Butlers Chocolates is an Irish owned manufacturer of luxury chocolate and chocolate products which operates from a custom-built production facility in North Dublin. Founded by Marion Bailey, the manufacturer produces a wide range of confectionery products including chocolate bars, truffles, fudge, toffee, chocolate eggs and seasonal novelties. The company has also created a chain of Butlers Chocolate Cafes. The name should not be confused with the medieval Irish noble family, the Butler dynasty.

History
Butlers chocolates was founded in 1932 by Ms Bailey-Butler. Based in Dublin's Lad Lane, Ms. Bailey-Butler developed a range of handmade chocolates.

In 1959 the company was purchased by Mr. Seamus Sorensen and in 1984 the Butlers Irish Chocolates brand was born. The company was named in memory of Ms. Marion Bailey-Butler.

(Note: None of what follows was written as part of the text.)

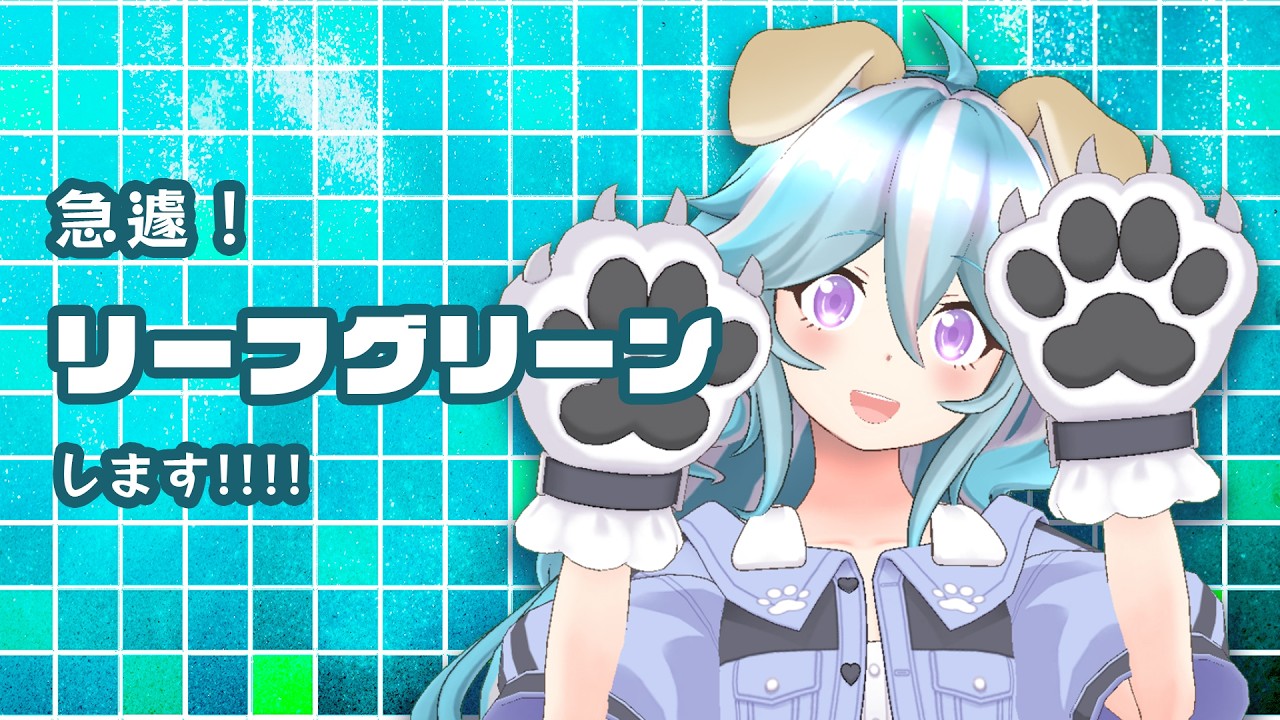 ポケモンリーフグリーンをしながら！セキチクシティから！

Five years later, in 1989 Butlers Chocolates first retail outlet opened in Grafton Street in Dublin City Centre. Since then retail outlets have opened up all over Ireland. Butler's have also expanded into the market in the United Kingdom with the opening of the company's first UK cafe in Westfield London and their chocolates are now widely available in most major airports throughout the UK and at Waitrose stores.

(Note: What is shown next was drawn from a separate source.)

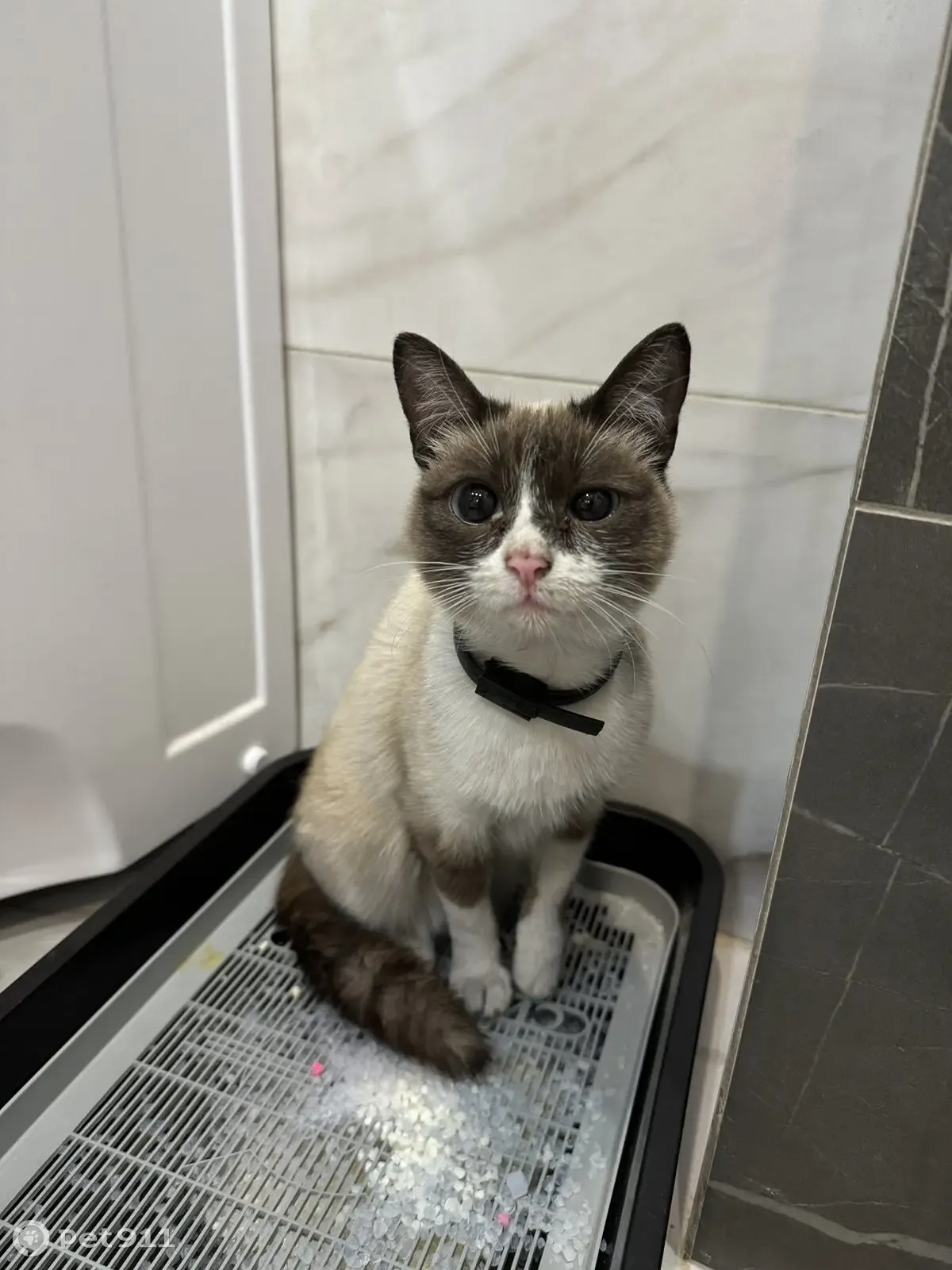 Кошка найдена: Советская 115/3 - photo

In 1989 Butlers Chocolate Cafe opened Dublin's Wicklow Street. To date fourteen Butlers Chocolate Cafes have opened, including 2 franchises in New Zealand.

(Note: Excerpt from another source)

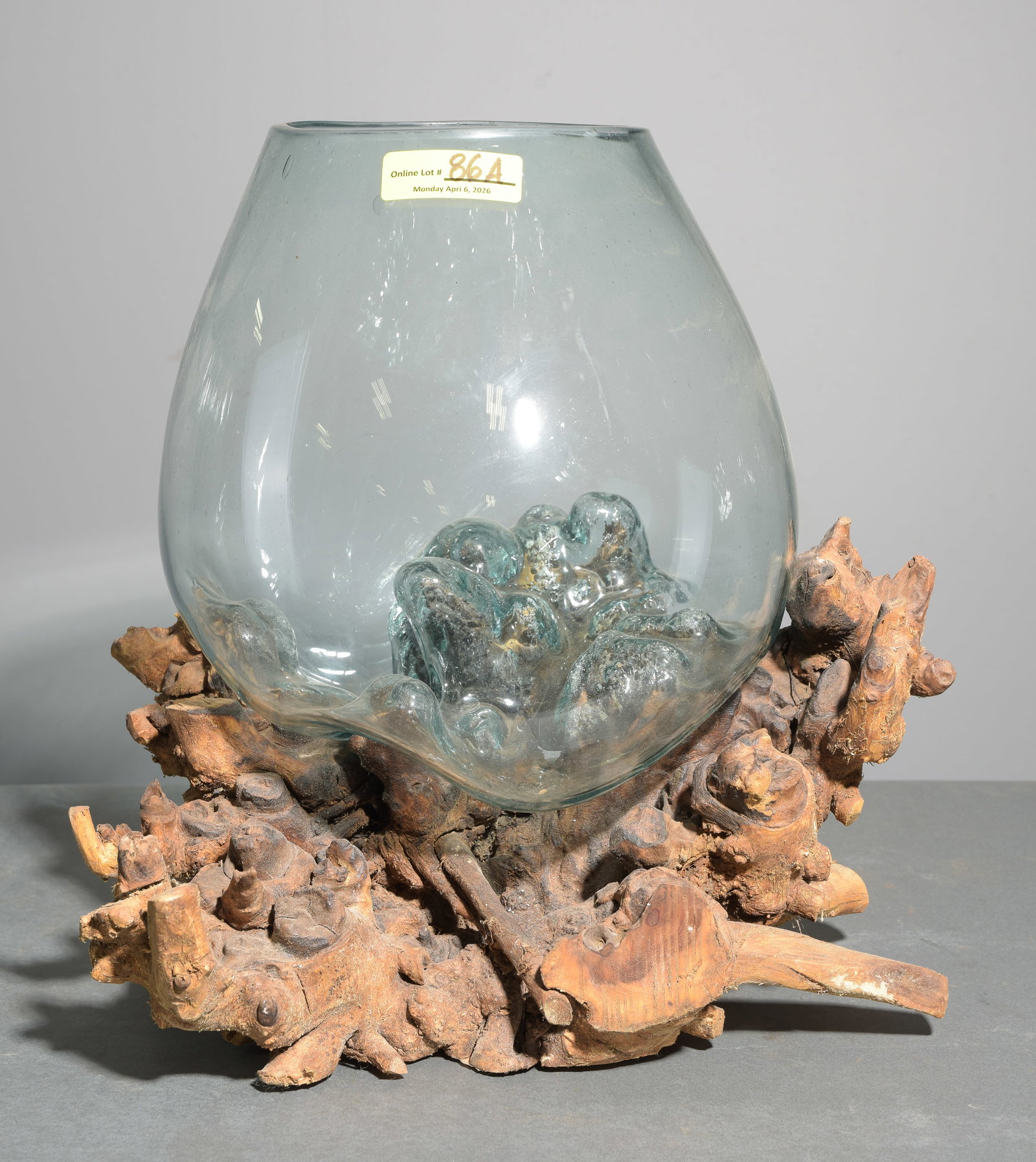 Large Blown Glass & Driftwood Terrarium: Large Blown Glass & Driftwood Terrarium - 18 in tall x 18 x 16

In 2003 Butlers Chocolates relocated to Clonshaugh, Dublin 17.

From 2006 to the present day Butlers have developed new products, launching their first organic chocolate range, dark chocolate selection, 200g Chocolate cube range, Butlers Chocolate Café ice cream as well as Take Home Ice Cream amongst others. Also in collaboration, Butlers Chocolates launched a range of chocolates with Irish Fashion designer, Orla Kiely.

Butlers Chocolate Cafés

The first Butlers Chocolate Café opened in Dublin in 1998 and since then, they have opened a further 39 Butlers Chocolate Cafés – in Dublin, Cork, Galway, Limerick, Naas, Lucan, Kildare & Swords (Ireland), Wellington, Auckland, Paraparaumu, Lower Hutt & Porirua (New Zealand), Karachi, Lahore & Islamabad (Pakistan), Dhaka (Bangladesh), Dubai (UAE) and Dammam & Riyadh (Saudi Arabia).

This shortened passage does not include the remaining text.